Hopefully a Jefe soon and possibly another playboat.......

I sold my Dagger Crossfire (first kayak) a few years back to a friend that I worked with. Never saw it again and regreted it ever since....

--Zach


----------



## bob marshall (Jun 7, 2006)

Plastic:
Topolino
Topoduo
Salto 
Diablo evolution
delerious
delerious C1
release
athlete
baluga
squashtail

Glass:
screamin meamie
bigfoot
shred
surf

1 tandem touring
3 single touring

for the wife
creeker 225
nano
maestro

I have a big shed.


----------



## cayo (Mar 20, 2005)

I probably have the stupidest quiver on the buzz,though I have some good boats;
1}Necky Blunt= main hardshell
2}Aire Force IK= Primary boat world travel AWESOME!!
3}Aire Lynx IK= 1ST BOAT only use for self support overnight,friends,and about once a year dowm Watertown.
4} Prijon T-Canyon= 1ST hardshell lays on the porch,use for exercise at res. once or twice a year
5}Innova Safari IK= Sucks too small , super tippy ,terrible outfitting,sits in closet
6}Sevylor Tahiti= cheap ass ducky bought for friends when I only had the Lynx,used twice sits in closet take it out once a year to see if it still holds air.
7}Pilsener Urquell = Chinese knock off of the Tahiti plastered with PU labels won in liquor store raffle... still in box.
Need playboat and I have always wanted a Savage Beast.


----------



## cbrobin (Jan 21, 2004)

*Only Four Boats*

1. Holloform Riverchaser circa 1982(my firstboat)

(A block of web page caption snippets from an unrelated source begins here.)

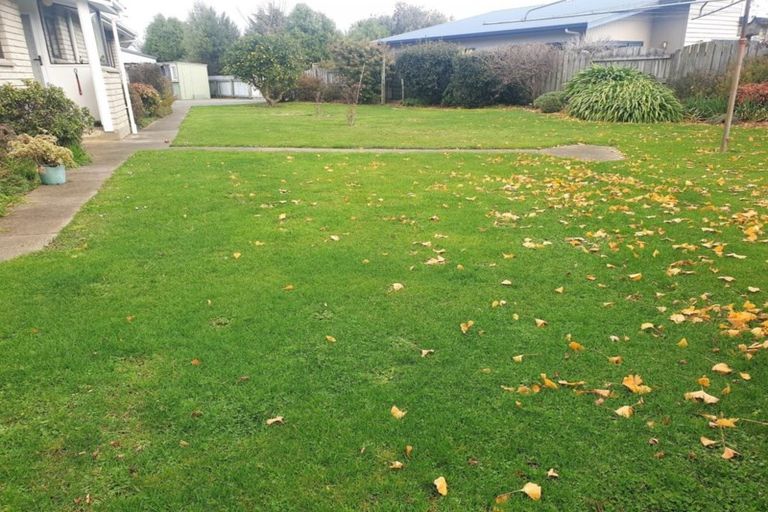 Photo of property in 81a Barraud Street, Dannevirke, 4930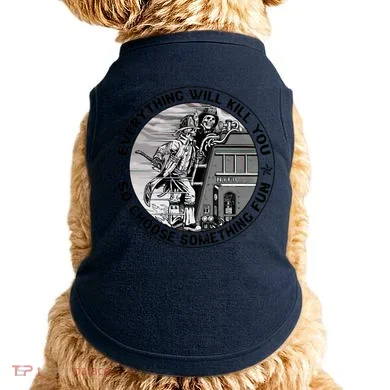 Doggie Tank
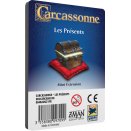 Carcassonne - Mini-Extension les Présents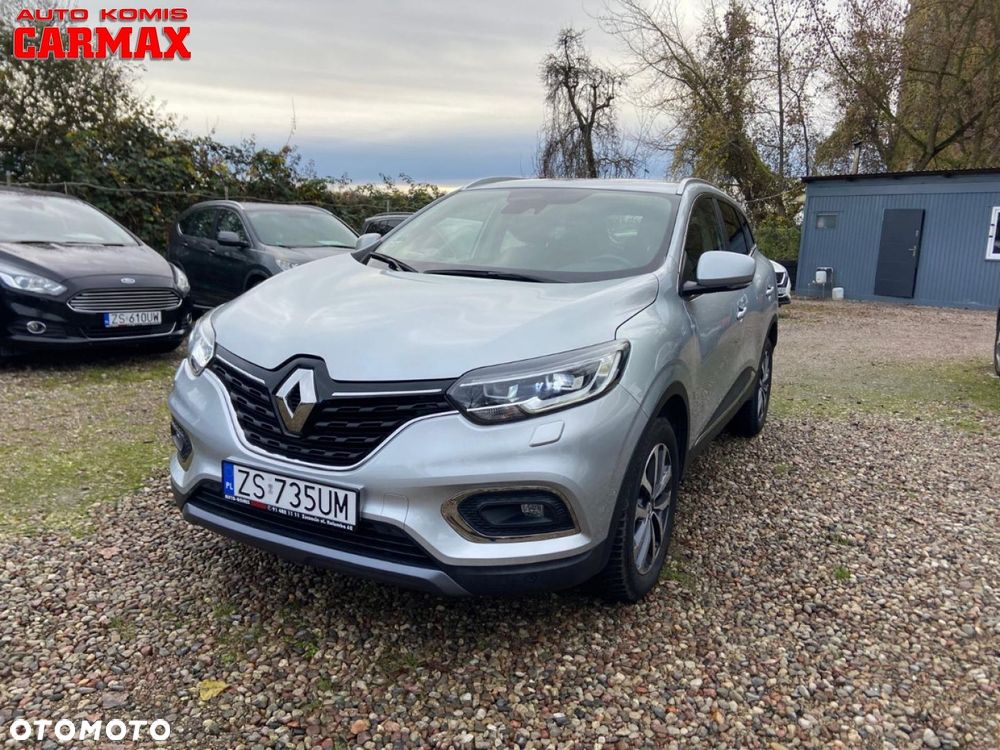 Renault Kadjar - 4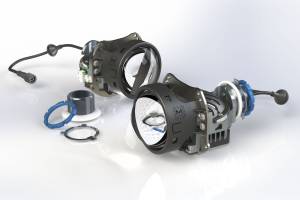 Morimoto - Bi-LED: Morimoto M LED 2.0 (RHD) - Image 6
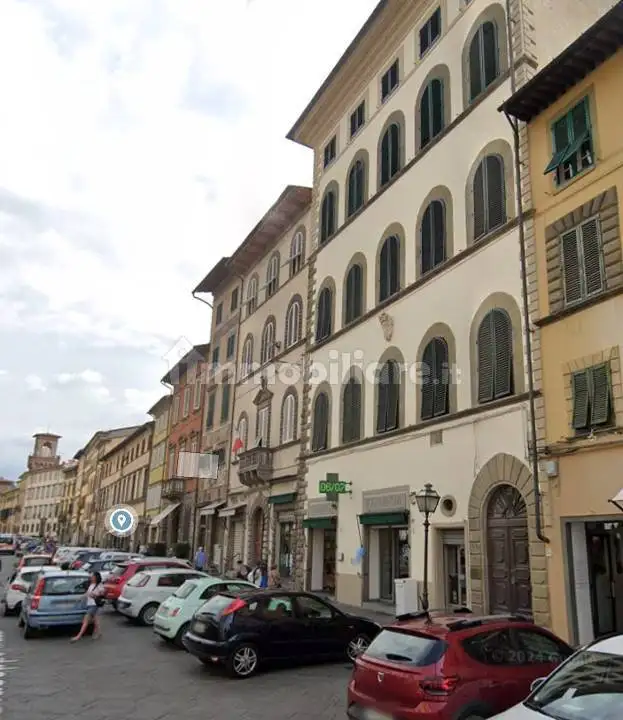 Appartamento all'asta piazza Giuseppe Mazzini, Pescia - foto 2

2. Eurokayak Agression (ten years old)

3. Prijon Rockit (ten years old)

4. Jackson 4 fun

My favorite boat had to be a Corsica -S.


----------



## &d (Apr 28, 2006)

wavesport excel, i found it next to a dumpster
wavesport xxx, had it for years
phat, damn oiltanker
mutant, not actually in the garage right now
project 45, too dry
drain squirt boat, too dry


heh i thought it was getting out of control but now im straightened out


----------



## stillwaterpaddler (Nov 16, 2003)

Interesting thread, and the survey says!

-Wavesport Mutant
-Perception Mr. Clean(new to list)
-Wavesport 4 Play
-Fluid Solo
-Wavesport T2
-Wavesport EZ
-El Jefe


----------



## ACC (Oct 30, 2003)

*bored in class, so . . .*

Nice score on the excel, &d.

currently:

perception pirrouette
liquid logic gus
pyranha microbat 240
liquid logic cr125


----------